The man had little to say, and said it badly.
‘He’s not much at spelling, is Papa Lexi,’ Maria said.
‘Now, now!’ Jim corrected her.
‘Is he a secret? Do people know about him?’
‘Of course he’s not a secret, love. Why do you think that?’
‘Because we don’t talk about him. And nobody else has another papa miles away.’
‘We do talk about him, and you write to him. Of course he’s not a secret.’ Nora was very anxious to take any glamour or mystery away.
‘Do you write to him, Mama No?’
‘I do, love. But about business.’
‘The meat business?’ She was genuinely puzzled.
‘No. Legal things, you know, after your mother’s accident …’
‘Why do you have to write about that?’
‘Oh, you know. Red Tape. Formalities. All that’ Nora was vague.
Maria lost interest Instead she wanted to tell Mama No about Miss Ross.
‘I saw her climbing the tree this morning,’ she said, giggling at the thought of the elegant Miss Ross actually getting her leg up on the lower branch and hauling herself up into the higher parts of the tree.
‘Nonsense! You imagined it.’
‘No, I didn’t. I was looking out my window at six o’clock this morning, and she came into the school yard. I swear she did.’
‘What on earth could she have been doing at that hour?’
‘Well, I saw her. She’d been up all night. She was coming back from Barna Woods.’
‘I think you’ve been reading too many stories – you can’t tell what’s true from what’s made up.’

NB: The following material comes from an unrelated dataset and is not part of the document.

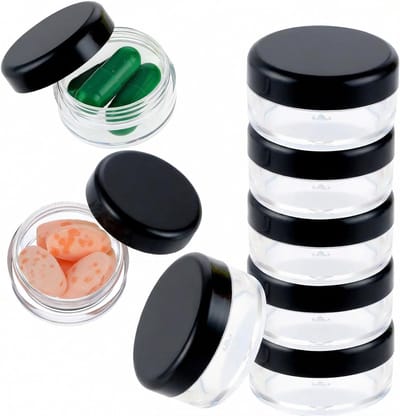Kleine pillenorganisator voor op reis - 8 stuks draagbare pillenhouders, BPA-vrij, ideaal voor medicijnen, mini-opslagcontainers voor tas of portemonnee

Nora shook her head. The very idea of Miss Ross climbing the beech tree. Really.
‘Miss Ross?’
‘Yes, Maria.’
‘Miss Ross, did you climb the beech tree yesterday morning?’
Miss Ross’s face was red. ‘Did I what, child?’
‘It’s just … it’s just, I told Mama No, and she said “nonsense”.’
‘That’s what it is too, Maria. Nonsense.’
Miss Ross turned and walked away.
Nora heard the conversation. There was something about the way the young teacher spoke that didn’t ring true.
‘I was wrong about Miss Ross,’ Maria said.